Pretty much all the economic debate is about monetary and fiscal policy, which are ways of manipulating (possibly weakly) aggregate demand, rather than aggregate supply. However, with labour productivity growth is at a record low, surely we need to think about the supply-side too.
I am not unusual in worrying on this score. Andrew Sentance said last night that the output gap might be smaller than thought, which is consistent with the notion that the recession has permanently reduced our supply potential. And in its green budget, the IFS forecast that productivity growth will average only around 1% a year over the next five years.
So, what can be done about the supply-side?
One possible answer is: nothing. Maybe productivity has slowed because we’ve just run out of the technological changes that have caused it to grow rapidly in the past. There’s not much we can do about this. Or maybe the changes we’ve had are welfare-enhancing rather than productivity-enhancing. The interweb gives us free music and news, and so reduces the measured output of the news and music businesses without actually hurting aggregate well-being. Or maybe I’m just wrong and we will soon get a vigorous procyclical rise in productivity.
Another possible answer is to the free market one; shrinking the state, cutting taxes and removing regulation will raise productivity. I fear, though, that such proposals contain a high ratio of prejudice and self-interest to empirical evidence; looking at the time series of productivity growth, you’d struggle to identify a successful Thatcher revolution.

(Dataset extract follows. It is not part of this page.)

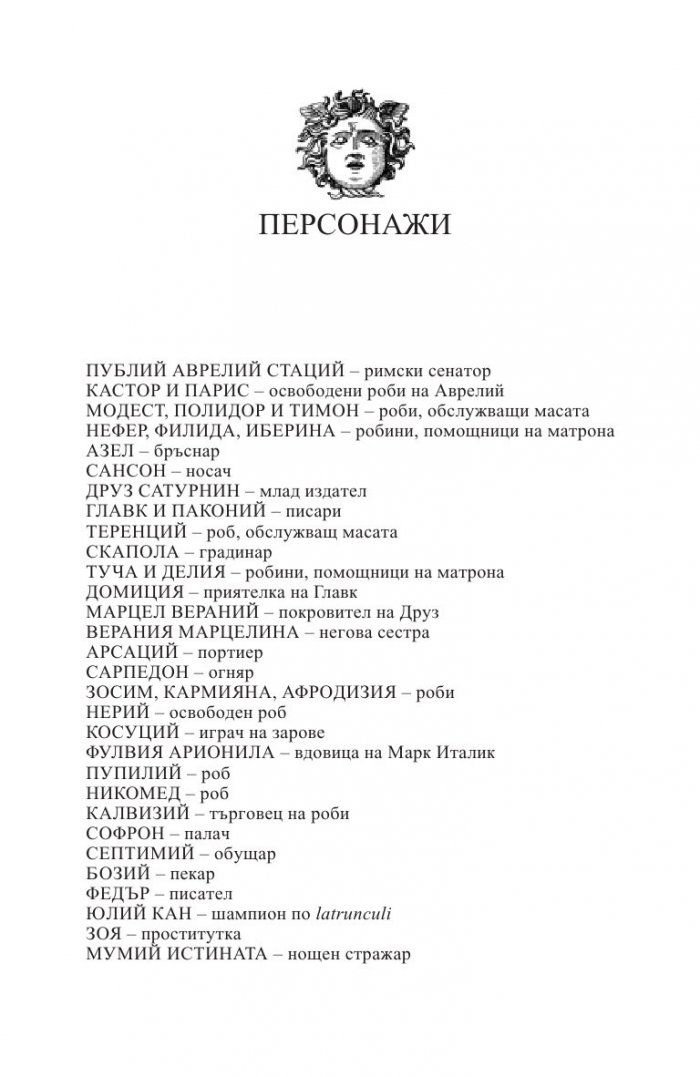 Кой има полза от това? (Древноримски загадки)
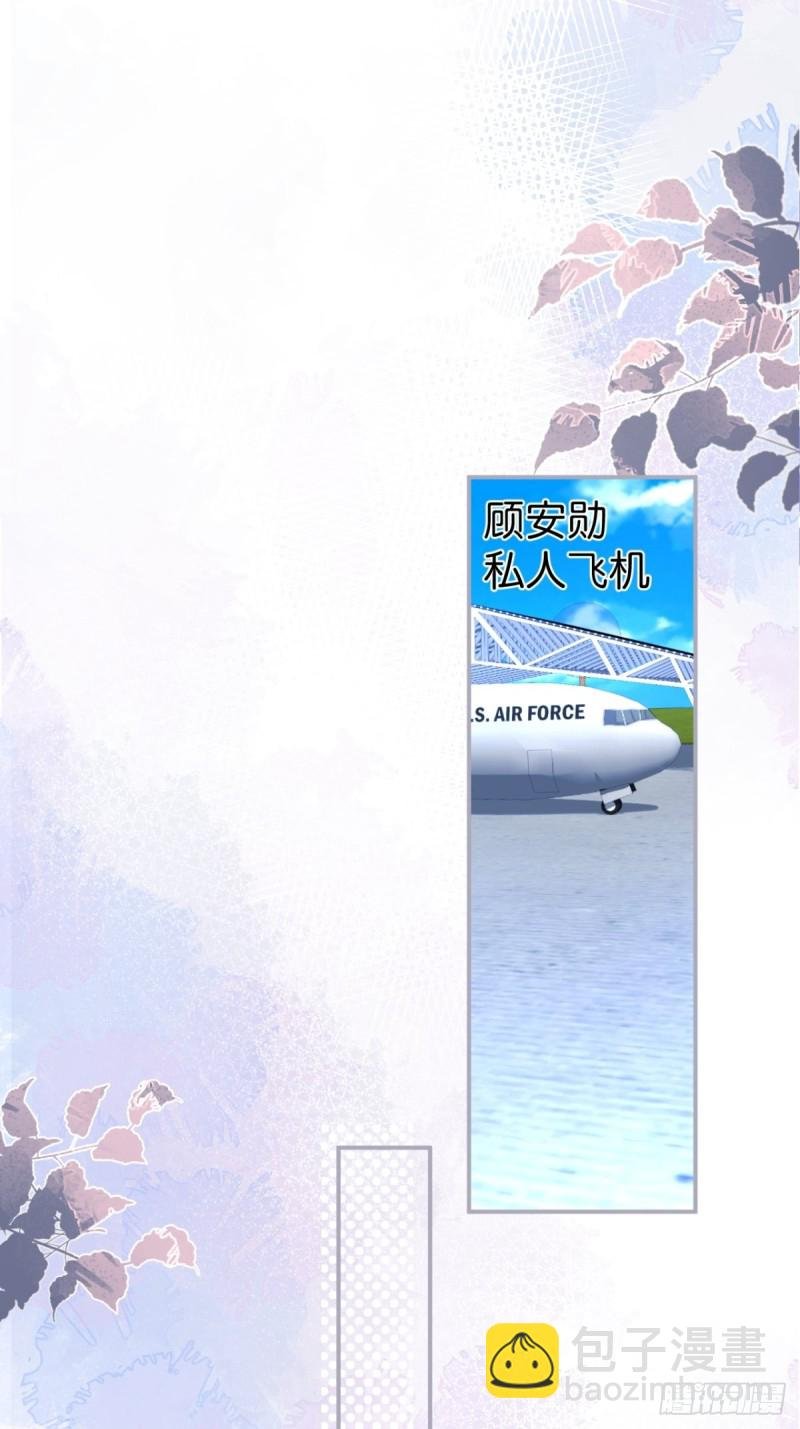 今晚我可以留下来吗？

Indeed, I fear that memories of Thatcherism are downright pernicious here. Too many people have associated supply-side policies with mere attacks upon trades unions and welfare benefits, with the result that they have failed to think more seriously about the supply-side policies.
So, can I suggest three other possibilities?
1. Reducing barriers to entry. It cannot be stressed enough - which is why I bang on about it even though no-one else does - that productivity growth comes (pdf) from the entry and exit of firms, and not so much from incumbent ones upping their game. This implies that obstacles to new business formation must be removed. Whether these are mostly red tape, the lack of finance, or whatever, is moot. The point is that serious economic policy would give a huge weight to removing them.
2. Active labour market policies. One aspect of the productivity slowdown is a mismatch between unemployed workers and available vacancies. Policies that help match workers to vacancies are thus necessary. One important dimension here is the need for training, especially of the young unemployed.
3. Immigration. Migrant workers can help relieve labour shortages, and so should be encouraged.
4. Infrastructure investment or (more radically) ending presenteeism. Commuting is so burdensome that a day’s work is often a mere postscript to the effort of getting there. This, surely, must change.
You might add to this welfare reform. But it’s not clear to me that shortages of unskilled workers are a significant supply-side problem.
I’ll grant that I’m being vague here. But that’s because I hope to encourage better, more detailed ideas. My points are simply that monetary and fiscal policy are not enough.